_What you should do_
Restate the lines of the material below word for word, from the first through the one containing "Minimum number of uppercase characters —", and include nothing else; pictures stay out.

_Stored data_
■ ■ ■ ■ ■
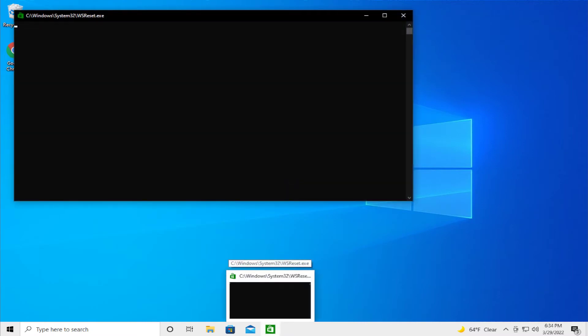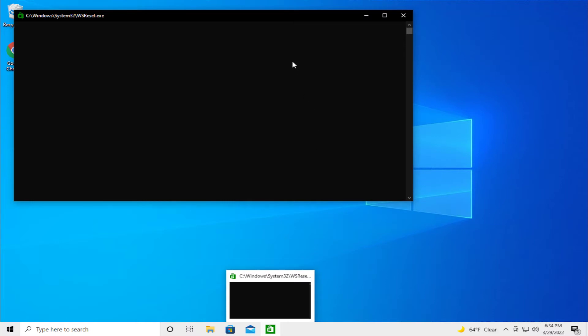If you receive a user account control prompt click on yes and in this window just wait for the process to finish in the background.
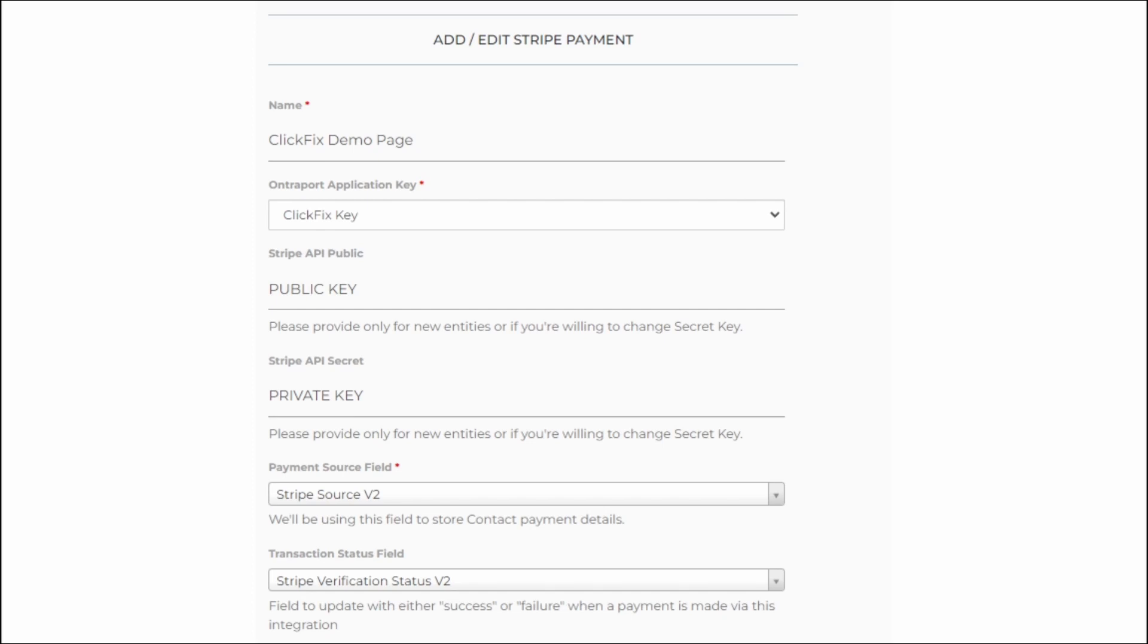Pick your Altraport key. Then we have two fields. The first one, we will store a secret key that will allow us to charge your customer's payment method again. In the second one, Stripe verification status, we will send success or failure depending on the transaction results.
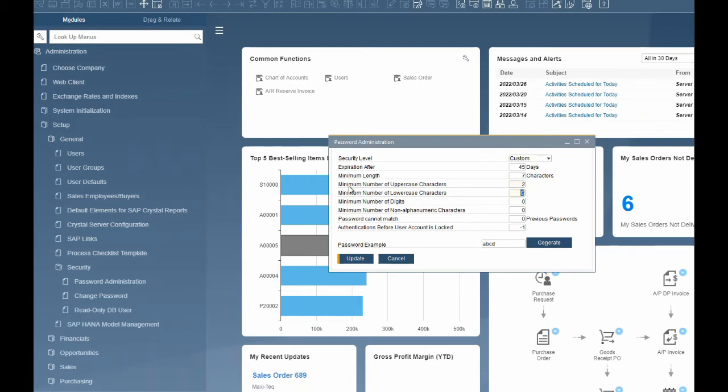Minimum number of uppercase characters — this is the minimum number of uppercase characters that must be included in the password. The values for the predefined security levels are: 0 for low, 0 for medium, and 1 for high. We will set ours to 1.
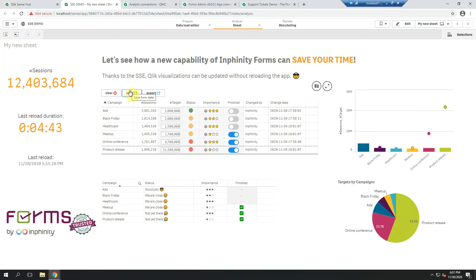Thank you very much for watching this video about server-side extension capabilities within Infinity Forms used for front-end visualizations. In the next video I will go to the functions that have been added to be used within the Qlik script. Until the next video — enjoy Forms!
■ ■ ■ ■ ■
_Finished task_
If you receive a user account control prompt click on yes and in this window just wait for the process to finish in the background.
Pick your Altraport key. Then we have two fields. The first one, we will store a secret key that will allow us to charge your customer's payment method again. In the second one, Stripe verification status, we will send success or failure depending on the transaction results.
Minimum number of uppercase characters — this is the minimum number of uppercase characters that must be included in the password. The values for the predefined security levels are: 0 for low, 0 for medium, and 1 for high. We will set ours to 1.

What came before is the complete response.